En outre, les entreprises de services financiers sont très fortes pour inventer des moyens de circonvenir de genre de taxe (ce qui vaut aussi, il faut l’admettre, pour la CSF ou la TAF, mais dans une moindre mesure, à notre avis).
On peut se représenter la TAF comme une sorte de TVA et la TTF comme une taxe sur le chiffre d’affaires — et la plupart des pays se sont rendus compte depuis longtemps que la TVA rapporte plus; qu’elle est plus efficiente, dans le jargon des spécialistes. Mais cela ne signifie pas que la TTF est à exclure dans d’autres contextes — ce n’est simplement pas le moyen adapté à la fin recherchée.

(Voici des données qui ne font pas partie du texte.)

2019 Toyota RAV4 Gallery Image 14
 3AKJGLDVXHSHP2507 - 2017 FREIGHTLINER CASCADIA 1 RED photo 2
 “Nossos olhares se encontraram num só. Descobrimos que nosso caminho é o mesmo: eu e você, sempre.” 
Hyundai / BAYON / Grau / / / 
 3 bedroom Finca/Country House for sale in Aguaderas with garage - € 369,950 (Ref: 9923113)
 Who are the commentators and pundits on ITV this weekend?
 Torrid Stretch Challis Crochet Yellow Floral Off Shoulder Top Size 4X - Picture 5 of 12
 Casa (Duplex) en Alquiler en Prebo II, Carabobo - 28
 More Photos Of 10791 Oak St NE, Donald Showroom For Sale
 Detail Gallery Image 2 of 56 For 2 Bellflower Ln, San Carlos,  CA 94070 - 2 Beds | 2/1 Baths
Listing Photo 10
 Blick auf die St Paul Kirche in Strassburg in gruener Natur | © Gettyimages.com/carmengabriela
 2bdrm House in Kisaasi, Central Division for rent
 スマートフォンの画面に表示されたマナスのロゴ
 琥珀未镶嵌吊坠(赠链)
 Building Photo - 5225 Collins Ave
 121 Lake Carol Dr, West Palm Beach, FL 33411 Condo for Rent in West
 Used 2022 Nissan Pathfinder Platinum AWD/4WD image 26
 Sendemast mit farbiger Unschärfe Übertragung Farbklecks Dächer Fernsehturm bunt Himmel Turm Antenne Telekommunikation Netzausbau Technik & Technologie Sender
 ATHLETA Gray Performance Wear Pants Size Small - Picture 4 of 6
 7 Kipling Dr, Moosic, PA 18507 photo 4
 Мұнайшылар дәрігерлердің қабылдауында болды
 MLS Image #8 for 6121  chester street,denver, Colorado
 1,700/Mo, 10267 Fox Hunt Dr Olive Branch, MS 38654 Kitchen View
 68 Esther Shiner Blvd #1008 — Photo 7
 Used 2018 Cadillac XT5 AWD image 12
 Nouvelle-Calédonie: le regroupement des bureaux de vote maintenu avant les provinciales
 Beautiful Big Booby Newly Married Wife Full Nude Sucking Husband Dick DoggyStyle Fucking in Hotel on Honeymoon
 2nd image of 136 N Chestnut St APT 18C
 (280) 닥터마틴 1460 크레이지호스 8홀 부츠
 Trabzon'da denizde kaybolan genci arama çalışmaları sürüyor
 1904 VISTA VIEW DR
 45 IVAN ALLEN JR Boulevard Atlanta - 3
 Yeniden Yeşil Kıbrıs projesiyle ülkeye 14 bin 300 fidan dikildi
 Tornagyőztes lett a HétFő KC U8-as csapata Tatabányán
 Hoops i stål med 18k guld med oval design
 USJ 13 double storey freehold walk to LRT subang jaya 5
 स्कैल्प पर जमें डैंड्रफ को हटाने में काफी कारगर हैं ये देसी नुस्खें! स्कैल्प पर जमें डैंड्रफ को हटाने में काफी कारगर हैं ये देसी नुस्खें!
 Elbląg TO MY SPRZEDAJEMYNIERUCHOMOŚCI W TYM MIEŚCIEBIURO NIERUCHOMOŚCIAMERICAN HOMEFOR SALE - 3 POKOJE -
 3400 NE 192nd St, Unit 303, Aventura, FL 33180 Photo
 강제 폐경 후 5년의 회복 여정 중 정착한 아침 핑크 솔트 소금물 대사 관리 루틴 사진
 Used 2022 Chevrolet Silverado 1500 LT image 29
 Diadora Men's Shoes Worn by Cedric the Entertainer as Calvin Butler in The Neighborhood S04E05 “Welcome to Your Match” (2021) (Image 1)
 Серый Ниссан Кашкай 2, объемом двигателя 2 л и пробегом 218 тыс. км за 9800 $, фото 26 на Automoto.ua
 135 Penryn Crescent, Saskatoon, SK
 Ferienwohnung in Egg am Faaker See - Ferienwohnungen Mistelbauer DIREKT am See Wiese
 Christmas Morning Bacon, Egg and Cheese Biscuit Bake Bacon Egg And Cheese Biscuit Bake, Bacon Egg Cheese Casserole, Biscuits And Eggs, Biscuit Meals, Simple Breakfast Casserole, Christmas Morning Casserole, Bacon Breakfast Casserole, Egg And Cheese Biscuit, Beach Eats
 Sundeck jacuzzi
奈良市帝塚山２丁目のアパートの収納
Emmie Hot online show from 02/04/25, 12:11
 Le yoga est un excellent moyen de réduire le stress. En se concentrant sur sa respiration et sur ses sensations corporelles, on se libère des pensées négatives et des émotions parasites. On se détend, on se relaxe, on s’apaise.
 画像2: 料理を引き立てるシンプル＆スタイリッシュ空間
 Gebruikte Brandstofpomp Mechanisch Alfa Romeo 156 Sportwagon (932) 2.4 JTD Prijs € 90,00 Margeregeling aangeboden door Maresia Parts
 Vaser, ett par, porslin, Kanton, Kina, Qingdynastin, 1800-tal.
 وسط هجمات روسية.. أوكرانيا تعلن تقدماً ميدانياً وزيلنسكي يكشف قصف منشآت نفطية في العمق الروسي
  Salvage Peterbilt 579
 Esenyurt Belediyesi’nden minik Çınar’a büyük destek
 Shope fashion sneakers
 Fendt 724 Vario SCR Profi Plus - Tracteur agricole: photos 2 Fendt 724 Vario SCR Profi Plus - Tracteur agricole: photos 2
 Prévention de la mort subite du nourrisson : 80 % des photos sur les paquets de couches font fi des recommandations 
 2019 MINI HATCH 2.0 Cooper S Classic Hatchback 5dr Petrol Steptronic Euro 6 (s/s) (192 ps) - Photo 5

Faut-il que tout le monde s’y mette?
Plusieurs pays qui n’ont pas eu à injecter des masses de ressources dans leurs établissements financiers ont une réticence naturelle à leur imposer des charges supplémentaires. Dans le même temps, les établissements financiers savent si bien jouer des arbitrages fiscaux et réglementaires que les pays qui veulent passer à l’action craignent de se faire couper l’herbe sous le pied par ceux qui s’y refusent.
Mais ce dilemme n’est pas si grave qu’il y paraît. S’il y a une leçon à tirer de l’histoire financière, c’est que nul ne doit s’imaginer qu’il est à l’abri des défaillances et des crises. De plus, si la CSF est convenablement modulée en fonction des risques, les pays dont le système financier est plus sûr auront simplement une contribution plus faible à verser. Et surtout, nous ne voulons à aucun prix réprimer ou étouffer le secteur financier en lui imposant une charge trop lourde; comme la chaîne alimentaire, il est trop vital pour la croissance économique.
Étapes suivantes
Ce que nous avons remis aux ministres du G-20 était un rapport d’étape et nous allons poursuivre nos travaux à la lumière des observations qu’ils ont formulées vendredi dernier. Nous resterons aussi à l’écoute des autres parties intéressées. L’un des aspects de notre travail qui a déjà été amplement souligné est que les initiatives sur le plan fiscal doivent être coordonnées avec d’autres sur le plan réglementaire — et nous avons donc des masses de calculs à affiner et bien des obstacles à surmonter. Nous espérons toutefois contribuer au débat sur ce qui compte vraiment, au bout du compte : comment réduire les risques et le coût de futures crises financières.